JOHANNESBURG – A woman from Malawi and her young child were led through Alexandra township by anti-immigration protesters Thursday and placed in a police van alongside strangers whose legal status had not been verified. In Soweto, protesters moved building by building, entering homes and demanding papers from residents. South Africa’s campaign against undocumented migrants had crossed into house-by-house searches.
The shift from street protest to residential enforcement marks a new phase in a movement that has been building since early June, when vigilante groups tied an informal June 30 deadline to a demand that undocumented foreign nationals leave the country. That deadline has passed, and the groups behind it – including Operation Dudula, which has led marches across South Africa’s largest cities – have moved to weekly Thursday demonstrations and, in this week’s round, to entering private dwellings. The displacement the campaign has already produced is measurable: over 60,000 Zimbabweans have been repatriated in recent weeks, along with more than 38,000 Malawians and hundreds of Nigerians airlifted home by charter flights organised under diplomatic pressure, Al Jazeera reported.

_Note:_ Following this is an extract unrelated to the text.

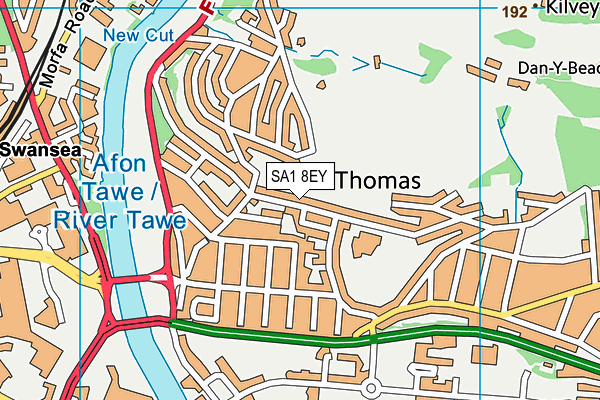 St Thomas Community Primary School map (SA1 8EY) - OS VectorMap District (Ordnance Survey)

The medical charity Médecins Sans Frontières issued a stark warning Thursday, citing growing humanitarian needs and disruption to healthcare following the violence and displacement. “Our priority is to address disrupted access to healthcare for those most at risk, regardless of who they are or where they come from,” said MSF Emergency Coordinator Claire Waterhouse. MSF noted that despite protesters’ stated aim of targeting only undocumented migrants, refugees, asylum seekers, and people with valid documentation were also being stopped, detained, and removed by groups enforcing the unofficial crackdown.
Reuters journalists who accompanied protesters in Alexandra and Soweto witnessed the inconsistency directly. One man detained and escorted toward a police van told journalists he was a legal resident of South Africa. The practical distinction that campaign leaders invoke – that they target only those without papers, not documented migrants – was not visible in what journalists observed on the ground Thursday. MSF said that documented refugees, asylum seekers, and foreign nationals with valid permits had also been affected.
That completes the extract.